織豊政権時代には、華麗な桃山文化が花開いた。城郭建築では、白鷺城の異名を持つ白亜の姫路城をはじめ、松本城、犬山城、彦根城、二条城など、国宝級の城が次々と建てられた。「天空の城」として有名になった竹田城も、この時期に建てられたものである。時代の移り変わりを反映して、城の立地も、軍事色の強い山城から、政治・経済を重視した平山城・平城へと主流が移っていった。

竹田城跡(朝来市HPより)

寺院建築にも豪壮な造りのものが多く、西本願寺の飛雲閣や唐門・書院、大徳寺の唐門など、いずれも豪華な装飾に彩られた壮麗な雰囲気を今に伝えている。応仁の乱で荒れ果てたものの、秀吉によって豪華な庭園を伴って再興された醍醐寺では、秀吉の晩年に盛大な花見が催された。

醍醐寺の桜(京都観光Naviより)

茶の湯の流行に伴い、茶室や茶器の洗練が見られたのも、桃山文化の特徴である。千利休の作と伝えられる妙喜庵待庵は、同時代の華やかな城郭建築とは対照的に、装飾性を一切断った簡素な造りで、茶道における侘びの精神を体現している。茶室には躙(にじり)口と呼ばれる狭い入り口が設けられ、茶室を俗界から離れた聖なる空間として演出する仕掛けが施された。利休は秀吉と対立して切腹に追い込まれたが、彼が一種の芸術にまで高めた茶道の精神は後世に受け継がれ、現代の表千家・裏千家の源流となっている。

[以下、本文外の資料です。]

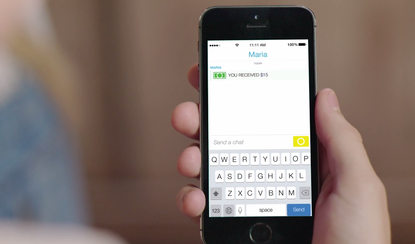 You can now send money through Snapchat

躙(にじり)口(kenchiku-shiken.comより)

ろくろを使わず手びねりで土の肌合いを残した利休の茶碗は楽茶碗と呼ばれ、朝鮮半島の高麗茶碗と共通した特徴を持つ。堺の豪商のひとりでもあった利休には、貿易を通じて、海外の文化にも深い造詣があったのだろう。また、秀吉の朝鮮侵略の際、日本に連行された朝鮮の陶工たちがもたらした技術によって唐津・有田・薩摩・萩などで焼物が発展したり、半島から活版印刷技術が導入されたりと、文禄・慶長の役の思わぬ副産物もあったようだ。

姫路城天守(Wikipediaより)

総じて桃山文化には、前代の東山文化に比べて壮麗で明るく、華やかな新しさが感じられる。その背景には、新興の大名や豪商たちの経済力があっただろうが、戦国乱世の終焉を感じ取った当時の人々の、新時代への期待も、そこに反映されているように思われる。姫路城の美しさは、平和な時代あってのものなのだ。